My cat Scoopy is very dignified. He'll sit quietly, head up, and wait for his plate to be put down in front of him, while all around him cats are clamoring. Not Scoop. Even if he's the only one eating, his dish must be set down RIGHT in front of him, not a couple of feet away. 

Scoop will get my attention at any time of the day by knocking things off the kitchen counter. I'm always careful not to leave anything breakable there, but he has knocked off a variety of things, including a full, open can of beer last weekend. My fault for leaving it there. Scoop just sat there, erect, expectant, as if to say "Now that I've got your attention, feed me."


----------



## bibiak87 (Aug 3, 2013)

A classic Gizmo is her walking up to me, stretch her front paws up my legs and meow like no ones business, with wide, hurt eyes! This is her telling me that she needs to be picked up and carried BUT I have to hold her like a toddler. Her bumm is on my arm and her hind legs are "wrapped around" my waist and her front paws are one my shoulder... :lol:

Whisper's classic move is to get up from a nap, walk a few steps towards the water dish and FLOMP down with a big thud and noises and cry until someone picks him up for a transport. You have to hold him like an infant (belly up) and give his highness a belly rub while you carry him to the water dish. 

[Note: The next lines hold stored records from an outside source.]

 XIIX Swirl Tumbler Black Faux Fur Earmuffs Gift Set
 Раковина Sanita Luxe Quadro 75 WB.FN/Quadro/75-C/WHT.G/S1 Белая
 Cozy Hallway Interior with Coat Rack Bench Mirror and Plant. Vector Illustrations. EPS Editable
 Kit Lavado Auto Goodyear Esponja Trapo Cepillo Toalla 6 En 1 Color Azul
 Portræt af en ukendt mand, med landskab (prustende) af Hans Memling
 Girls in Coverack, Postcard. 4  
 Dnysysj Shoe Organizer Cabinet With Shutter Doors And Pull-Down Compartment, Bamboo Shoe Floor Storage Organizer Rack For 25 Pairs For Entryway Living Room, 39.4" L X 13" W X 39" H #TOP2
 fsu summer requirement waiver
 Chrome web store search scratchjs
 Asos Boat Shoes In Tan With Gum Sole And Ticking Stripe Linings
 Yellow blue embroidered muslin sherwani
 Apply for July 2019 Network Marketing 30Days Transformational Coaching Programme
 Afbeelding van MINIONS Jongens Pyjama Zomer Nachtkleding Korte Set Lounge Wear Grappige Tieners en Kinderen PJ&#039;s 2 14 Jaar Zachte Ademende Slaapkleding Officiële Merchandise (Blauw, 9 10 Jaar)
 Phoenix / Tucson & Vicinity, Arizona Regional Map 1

I am trained very well... lol :mrgreen:


----------



## Sabrina767 (Sep 5, 2014)

Every evening Charli waits for me to finish with dinner, then as I'm cleaning up she begins meowing at me and going to hallway closet and waiting in front of door. If I'm taking too long, she keeps going back and forth from me to closet with loooong, drawn out meeeeoooooooowws. Soon as I'm done, she races to closet and meows more because it's time for our nightly session with da bird!!! Every night she does this, without fail. Soooo cute. I'm wondering if the baby kittens will learn this from her....


----------



## 21Rouge (Jul 20, 2013)

Great replies all. Thanks.


----------



## Catmomjulia (Jan 20, 2015)

Ever since Jonah was a kitten he has loved sleeping in his back. When he is worn out from playing, he will just roll over and go to sleep!


----------



## BrittyBear (Feb 4, 2014)

Classic Mystery... I cant have a conversation with anyone for too long. If i'm not giving him attention then i'm surely not allowed to give anyone else attention. Whenever i'm talking with someone he will come lay on my lap or next to me and rub his head against me so i pet him. I'll continue talking as I pet him, he waits till im good and distracted then grabs my hand with his teeth and holds. He doesnt bite hard, but he will keep at it until I stop talking and look at him. Then he lets go and goes back to rubbing me. Until i start talking again, then it repeats... everyone has gotten so used to it now, that they dont even say anything anymore, they either continue talking as if i'm not argueing with my cat or pause long enough for me to give him attention before they continue xD

Shadow is obsessed with sleeping on my sisters homework-even when she has none. He will go out of his way to lay on it. He could be sleeping on the other side of the room, ignoring everyone. She'll be sitting on the sofa watching tv and calling him to come over but he wont. As soon as she pulls open her schoolbag and pulls out her homework though, he gets up immediately and veers right for her. Then he waits until she finds the page she needs and is about to start writing, and jumps up, stretches out, and lays across her work. Whether she goes onto the top bunk,or out on the porch, if she has any kind of book and pencil in her hand he finds her and lays on it. It frustrates her at the same time as it makes her laugh. It cracks me up every time xD definitely classic Shadow.


----------